- Born: Susan Jane Shipley August 2, 1950 Winnipeg, Manitoba, Canada
- Died: February 12, 1994 (aged 43) Victoria, British Columbia, Canada
- Known for: Amyotrophic lateral sclerosis (ALS) sufferer who unsuccessfully litigated for the right to die by assisted suicide
- Children: 1

= Sue Rodriguez =

Canadian right-to-die activist

Sue Rodriguez (August 2, 1950 – February 12, 1994) was a Canadian right-to-die activist. In August 1991, she was diagnosed with amyotrophic lateral sclerosis (ALS or Lou Gehrig's disease) and was given two to five years to live. She ultimately made the decision to end her life and she sought the assistance of a doctor to that end, leading to a legal battle. She lost her case in front of the Supreme Court of Canada, but took her own life with the help of an anonymous doctor on February 12, 1994. She is cited as an important figure in the eventual legalization of medical assistance in dying in Canada.

== Life ==
Sue Rodriguez was born in Winnipeg, Manitoba and grew up in the Ontario suburb of Thornhill. She lived in California for a time before returning to Canada to settle in British Columbia. She married Henry Rodriguez and had a son, Cole Rodriguez.

== Death ==
After her ALS diagnosis, Rodriguez requested the help of a physician for medical aid in dying. However, no physicians were willing to fulfill the request; under section 241(b) of Canada's Criminal Code, anyone who "...aids or abets a person to commit suicide, whether suicide ensues or not, is guilty of an indictable offence and liable to imprisonment for a term not exceeding fourteen years". Rodriguez sought a legal exception in her home province, British Columbia, but was denied.

The British Columbia Civil Liberties Association (BCCLA) filed a lawsuit, Rodriguez v British Columbia (AG), that challenged section 241(b) as contrary to sections 7, 12, and 15 of the Canadian Charter of Rights and Freedoms. In a videotaped address to Parliament on November 24, 1992, Rodriguez famously asked, "If I cannot give consent to my own death, whose body is this? Who owns my life?" On May 20, 1993, her case was heard by the Supreme Court of Canada. On September 30 of that year, it decided against her 5–4.

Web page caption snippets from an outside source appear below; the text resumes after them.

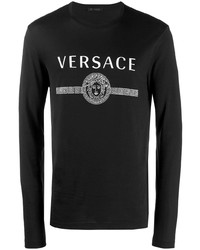 schwarzes und weißes bedrucktes Langarmshirt von Versace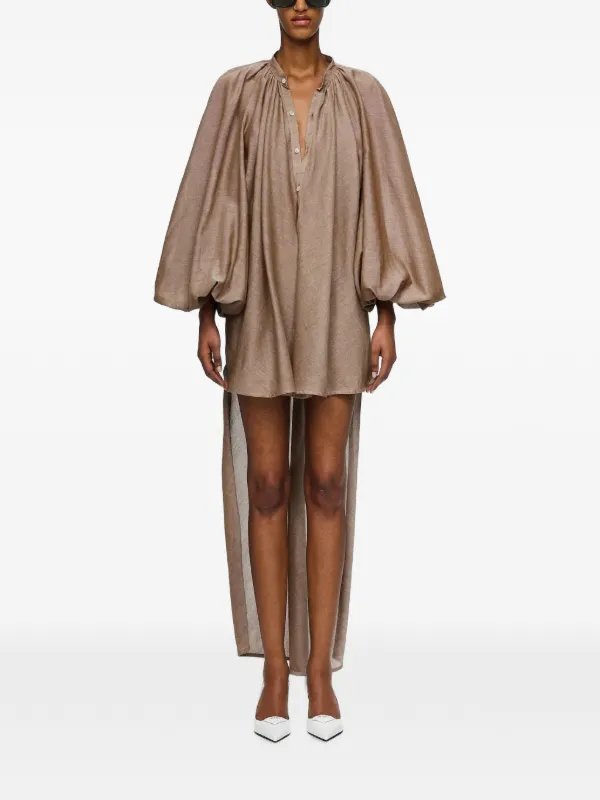 Marrakshi Life Mini the High-low Touareg Balloon-sleeve Dress in Brown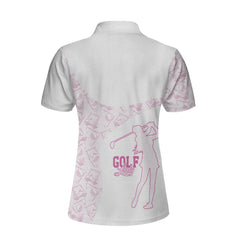 Golf Girl Pink Pattern Custom Short Sleeve Women Polo Shirt, White And Pink Golf Shirt For Ladies - Hyperfavor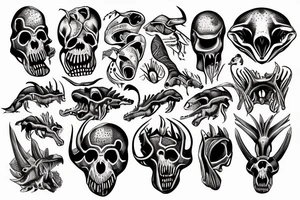 dinosaurs skulls tattoo idea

On February 12, 1994, with the assistance of an anonymous doctor, Sue Rodriguez ended her own life by ingesting a liquid mixture of morphine and secobarbital. The doctor's intervention was arranged by MP Svend Robinson, who was regarded as one of Rodriguez's most prominent supporters. Robinson was present at her death. However, by her request, her husband Henry and their son Cole were not. An investigation was undertaken, but no charges were laid. Robinson has vowed never to reveal the anonymous doctor's identity.

Almost 23 years later, on June 7, 2016, medical assistance in dying became legal in Canada as the result of a similar Supreme Court case, Carter v Canada (AG). The Court unanimously struck down parts of section 241(b) and section 14 of the Criminal Code which the justices ruled unjustifiably infringed on section 7 of the Charter of Rights and Freedoms.

== In the media ==
The 1996 book Timely Death was inspired by the Sue Rodriguez story, and the 1998 film At the End of the Day: The Sue Rodriguez Story, which stars Wendy Crewson as Sue Rodriguez, dramatizes her story.

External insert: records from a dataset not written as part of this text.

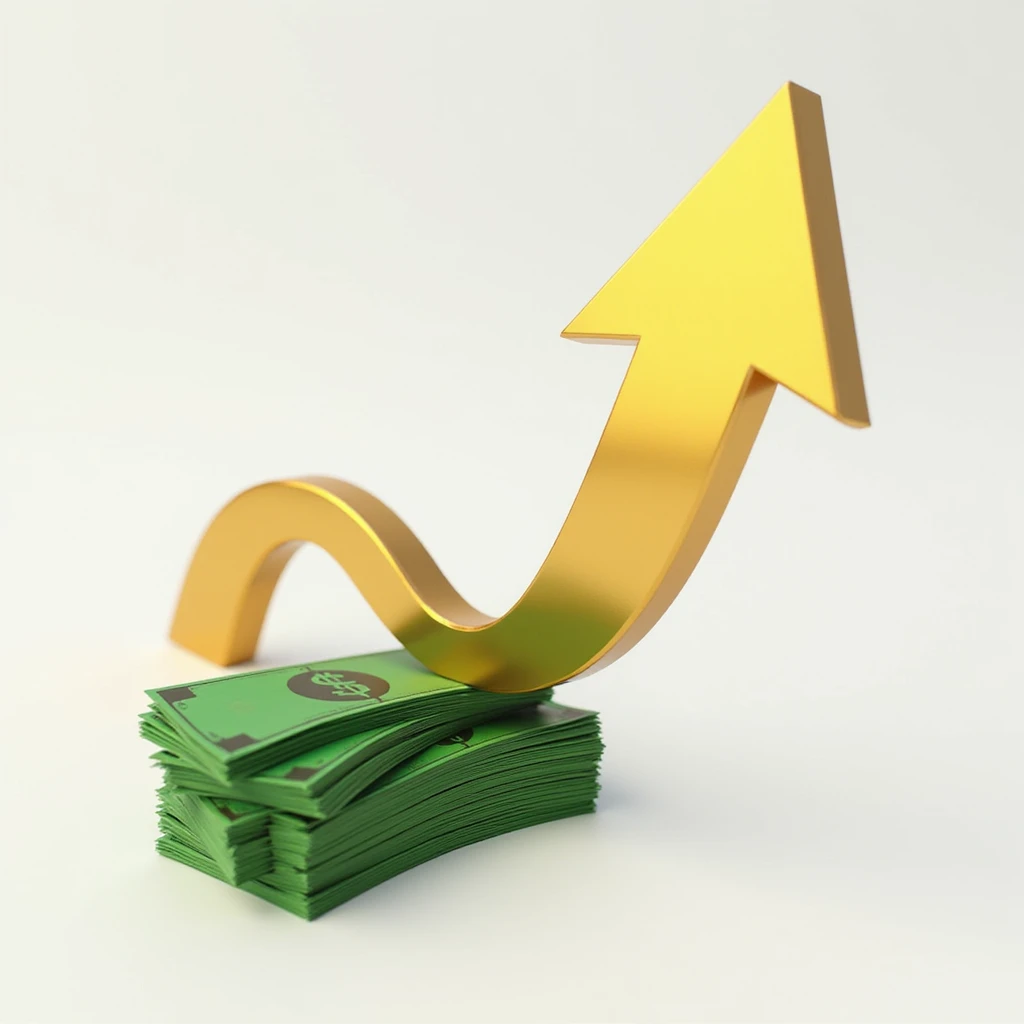 photorealistic 3D golden arrow pointing to the right with a stack of exciting green money beside it emoji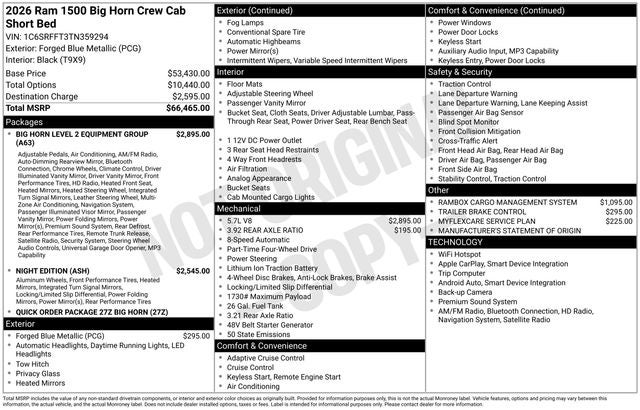 2026 RAM Ram 1500 RAM 1500 BIG HORN CREW CAB 4X4 5'7' BOX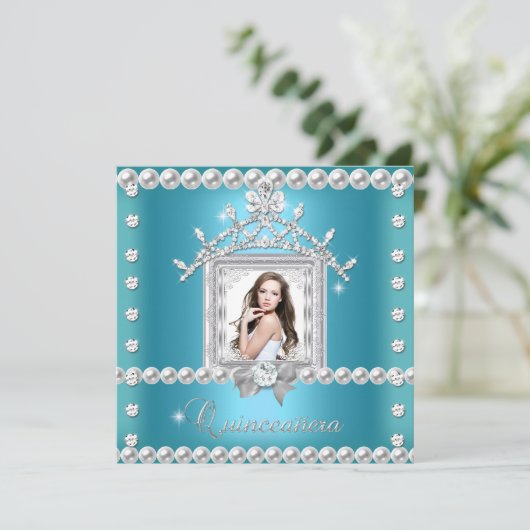 キンセアニェラ15thバースデーパーティーティール（緑がかった色）ブルー 招待状 (スタンド正面)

On June 17, 2016, medically assisted dying became legal in Canada. An emotional Svend Robinson, who now lives in Geneva, Switzerland, told the press: "Today's ruling is a victory for compassion, for justice and for humanity. And I pay tribute to the memory of Sue Rodriguez, who with courage, passion and dignity blazed the trail that led to this historic day. She would have been thrilled".